In Roozbuilt Ltd. v. Jamieson (Div Ct, 2022) the Divisional Court considered the standard of review applicable to an administrative review (ie. an administrative reconsideration) [SS: it's tribunal rule-based]:
[36] The appellant argues that the Chair inappropriately conducted a rehearing, rather than a review. In doing so, he should have applied a standard of reasonableness, and instead he showed no deference to the original member and substituted his own findings of fact and policy.

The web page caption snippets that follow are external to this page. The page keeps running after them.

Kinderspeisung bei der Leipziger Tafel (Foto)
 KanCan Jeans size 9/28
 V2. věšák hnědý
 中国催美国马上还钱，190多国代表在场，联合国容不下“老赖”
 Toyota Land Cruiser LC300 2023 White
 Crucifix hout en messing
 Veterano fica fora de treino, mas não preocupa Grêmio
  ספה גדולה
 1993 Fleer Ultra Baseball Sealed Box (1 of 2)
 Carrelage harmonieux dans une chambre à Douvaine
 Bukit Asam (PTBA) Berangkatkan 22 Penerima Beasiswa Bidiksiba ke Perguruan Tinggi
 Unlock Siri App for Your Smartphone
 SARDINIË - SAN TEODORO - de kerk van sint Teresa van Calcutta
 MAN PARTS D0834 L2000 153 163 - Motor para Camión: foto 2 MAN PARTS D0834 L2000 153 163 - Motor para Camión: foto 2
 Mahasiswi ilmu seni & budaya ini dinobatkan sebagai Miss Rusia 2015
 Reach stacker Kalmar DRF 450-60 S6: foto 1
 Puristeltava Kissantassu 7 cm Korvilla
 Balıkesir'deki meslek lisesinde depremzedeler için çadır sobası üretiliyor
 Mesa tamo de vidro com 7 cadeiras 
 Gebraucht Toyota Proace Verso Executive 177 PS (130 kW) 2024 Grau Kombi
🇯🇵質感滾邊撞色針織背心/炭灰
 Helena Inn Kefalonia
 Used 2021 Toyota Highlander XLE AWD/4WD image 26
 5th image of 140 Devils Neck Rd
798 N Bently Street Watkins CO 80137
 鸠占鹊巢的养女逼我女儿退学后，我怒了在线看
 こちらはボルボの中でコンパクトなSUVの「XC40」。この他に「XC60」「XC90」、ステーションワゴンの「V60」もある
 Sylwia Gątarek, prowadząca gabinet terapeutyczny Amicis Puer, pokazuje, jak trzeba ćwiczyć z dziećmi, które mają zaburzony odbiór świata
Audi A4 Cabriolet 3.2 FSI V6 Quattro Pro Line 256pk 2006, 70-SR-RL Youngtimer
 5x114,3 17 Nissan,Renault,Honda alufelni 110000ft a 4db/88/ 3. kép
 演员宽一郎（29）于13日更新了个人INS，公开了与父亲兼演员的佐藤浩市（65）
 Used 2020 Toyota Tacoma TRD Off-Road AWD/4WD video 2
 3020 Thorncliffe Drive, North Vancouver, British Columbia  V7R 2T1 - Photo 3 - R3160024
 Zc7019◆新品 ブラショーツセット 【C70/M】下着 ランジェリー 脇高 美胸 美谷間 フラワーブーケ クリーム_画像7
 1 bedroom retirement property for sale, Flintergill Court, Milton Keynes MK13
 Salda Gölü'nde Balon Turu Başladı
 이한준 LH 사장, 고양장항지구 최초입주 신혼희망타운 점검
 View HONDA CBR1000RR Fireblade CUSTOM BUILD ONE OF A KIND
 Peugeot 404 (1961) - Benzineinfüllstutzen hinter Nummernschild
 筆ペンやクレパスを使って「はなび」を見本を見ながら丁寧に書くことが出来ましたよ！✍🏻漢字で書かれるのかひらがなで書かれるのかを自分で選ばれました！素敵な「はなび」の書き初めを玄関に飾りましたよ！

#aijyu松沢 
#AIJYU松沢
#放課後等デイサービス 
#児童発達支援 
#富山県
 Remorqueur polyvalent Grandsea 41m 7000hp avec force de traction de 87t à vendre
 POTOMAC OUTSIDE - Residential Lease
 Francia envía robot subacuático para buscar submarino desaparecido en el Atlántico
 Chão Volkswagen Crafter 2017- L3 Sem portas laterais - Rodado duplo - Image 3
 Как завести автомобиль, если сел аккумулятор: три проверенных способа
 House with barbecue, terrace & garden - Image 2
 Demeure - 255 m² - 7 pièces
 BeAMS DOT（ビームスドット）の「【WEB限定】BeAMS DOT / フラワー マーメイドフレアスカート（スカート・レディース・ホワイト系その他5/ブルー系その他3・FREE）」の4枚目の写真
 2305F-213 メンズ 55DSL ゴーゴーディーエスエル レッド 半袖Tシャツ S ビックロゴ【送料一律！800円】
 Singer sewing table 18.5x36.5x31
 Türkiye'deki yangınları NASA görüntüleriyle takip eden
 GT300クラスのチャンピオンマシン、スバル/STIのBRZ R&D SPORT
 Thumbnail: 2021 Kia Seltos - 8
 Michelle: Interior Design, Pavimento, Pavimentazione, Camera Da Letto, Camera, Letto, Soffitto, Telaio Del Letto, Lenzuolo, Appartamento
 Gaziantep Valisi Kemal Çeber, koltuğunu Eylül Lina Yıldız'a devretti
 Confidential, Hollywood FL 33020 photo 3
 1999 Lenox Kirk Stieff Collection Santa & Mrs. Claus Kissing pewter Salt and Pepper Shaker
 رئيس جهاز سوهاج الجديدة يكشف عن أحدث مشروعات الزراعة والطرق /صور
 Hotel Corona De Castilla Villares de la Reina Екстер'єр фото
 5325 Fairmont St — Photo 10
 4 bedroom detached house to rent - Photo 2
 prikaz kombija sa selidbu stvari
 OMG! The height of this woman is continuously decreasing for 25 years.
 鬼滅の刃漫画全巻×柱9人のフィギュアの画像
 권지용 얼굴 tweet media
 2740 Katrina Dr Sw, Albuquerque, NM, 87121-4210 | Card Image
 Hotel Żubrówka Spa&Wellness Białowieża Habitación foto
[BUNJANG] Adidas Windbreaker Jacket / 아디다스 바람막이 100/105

[37] I disagree. The Chair understood the importance of deference to the original member’s findings of fact, stating at p. 6 of his decision:
Where the TLAB member has provided replicable and reasonable grounds for evidentiary findings, absent any of the identified constraints above and in the Rules, the decision is to be supported. An important tenet of administrative law is respect for the decision making process, including its reliability and consistency.
[38] Importantly, he went on to accept the submission of the appellant’s counsel that a review is not a rehearing or re-argument. At p. 7 of his decision, he stated,
A review is limited to the grounds set out in Rule 31 of the TLAB Rules. Where none of these grounds are properly addressed, and met by the Requestor, the review should be dismissed.
[39] The Chair then considered the grounds for review in Rule 31.7 and decided that paragraphs a) and c) were in play in the Request (see p. 12 of his decision) – that the member acted outside her jurisdiction, and that there was an error of law or fact that would likely have resulted in a different outcome. He clearly understood that Rule 31.7 required that the reasons and the evidence in the Request must be compelling in establishing the grounds for review.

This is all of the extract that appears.